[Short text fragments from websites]
::::::::

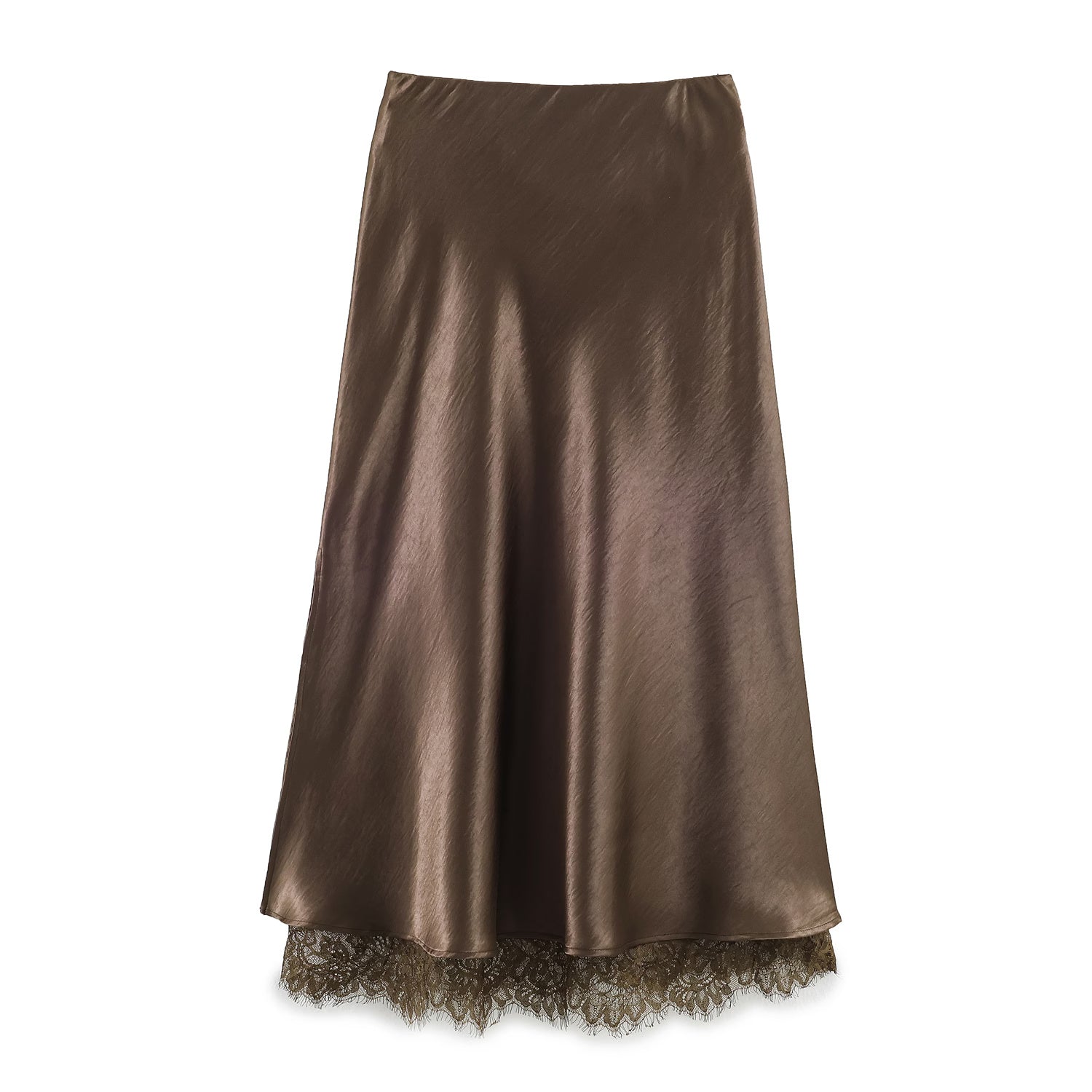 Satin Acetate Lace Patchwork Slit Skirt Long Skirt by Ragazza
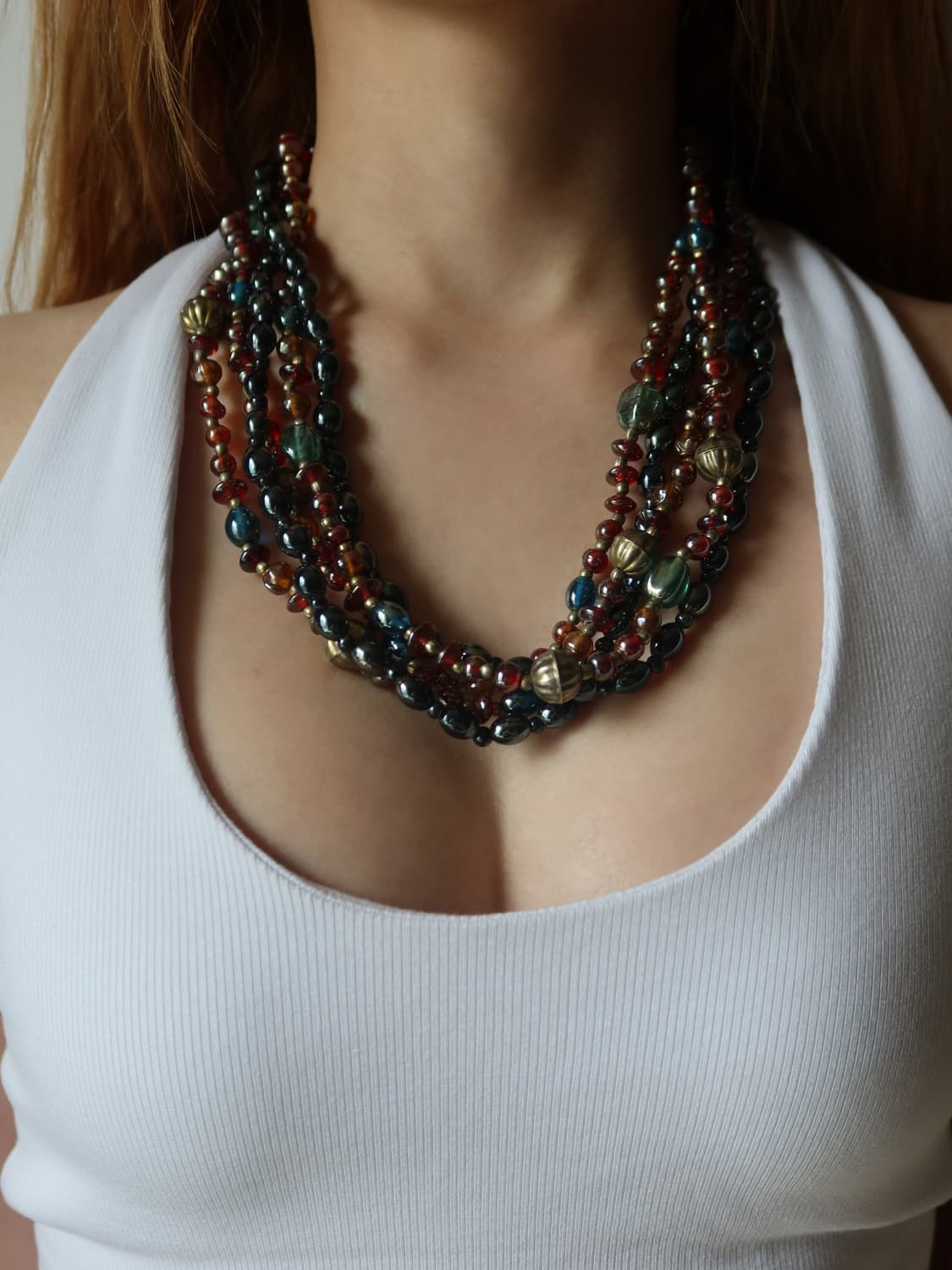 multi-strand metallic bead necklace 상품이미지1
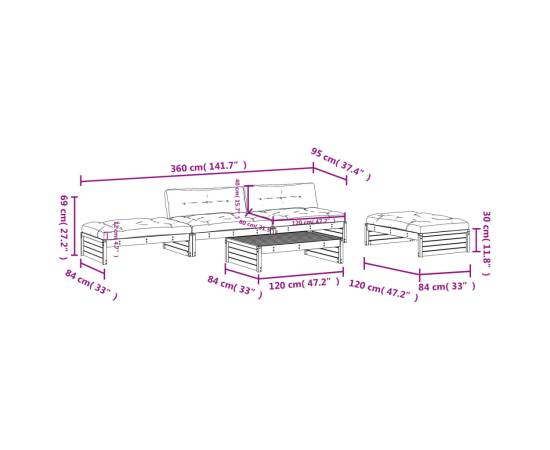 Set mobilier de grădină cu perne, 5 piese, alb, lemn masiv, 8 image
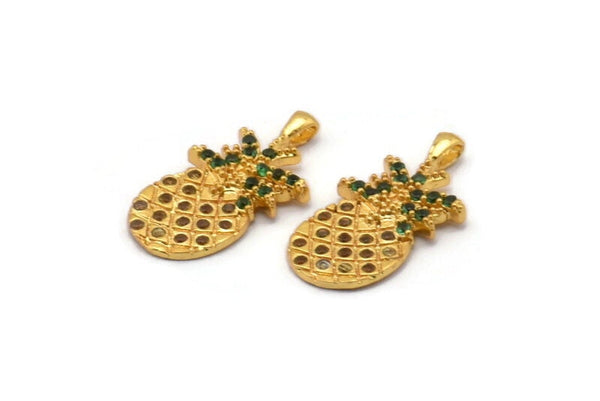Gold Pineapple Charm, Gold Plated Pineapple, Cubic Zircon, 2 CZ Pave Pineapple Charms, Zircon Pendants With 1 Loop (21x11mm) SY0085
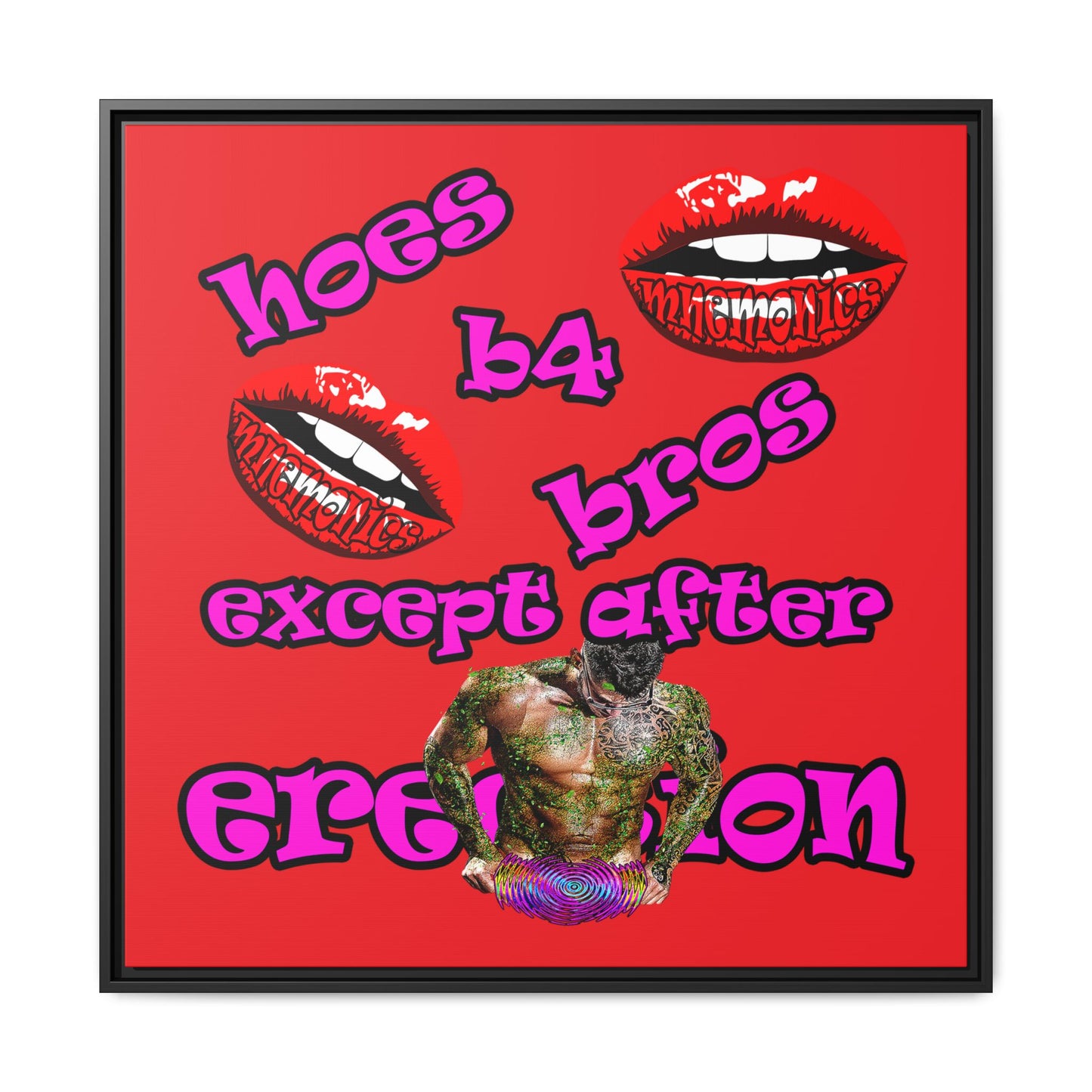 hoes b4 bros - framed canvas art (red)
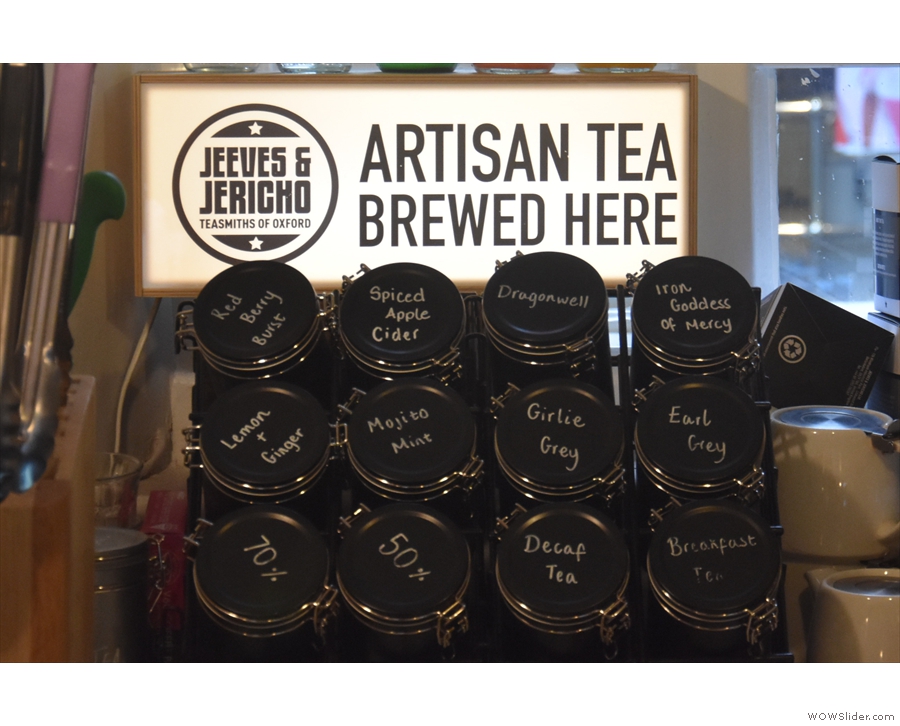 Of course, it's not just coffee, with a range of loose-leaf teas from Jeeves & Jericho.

::::::::

● **INSTRUCTIONS TO FOLLOW**:
Transcribe the span of lines that runs from the line with "Gold Pineapple Charm, Gold" to the end of the data, both ends included, exactly, with nothing else and no pictures.

● **COMPLETED TASK**:
Gold Pineapple Charm, Gold Plated Pineapple, Cubic Zircon, 2 CZ Pave Pineapple Charms, Zircon Pendants With 1 Loop (21x11mm) SY0085
 hoes b4 bros - framed canvas art (red)
 Of course, it's not just coffee, with a range of loose-leaf teas from Jeeves & Jericho.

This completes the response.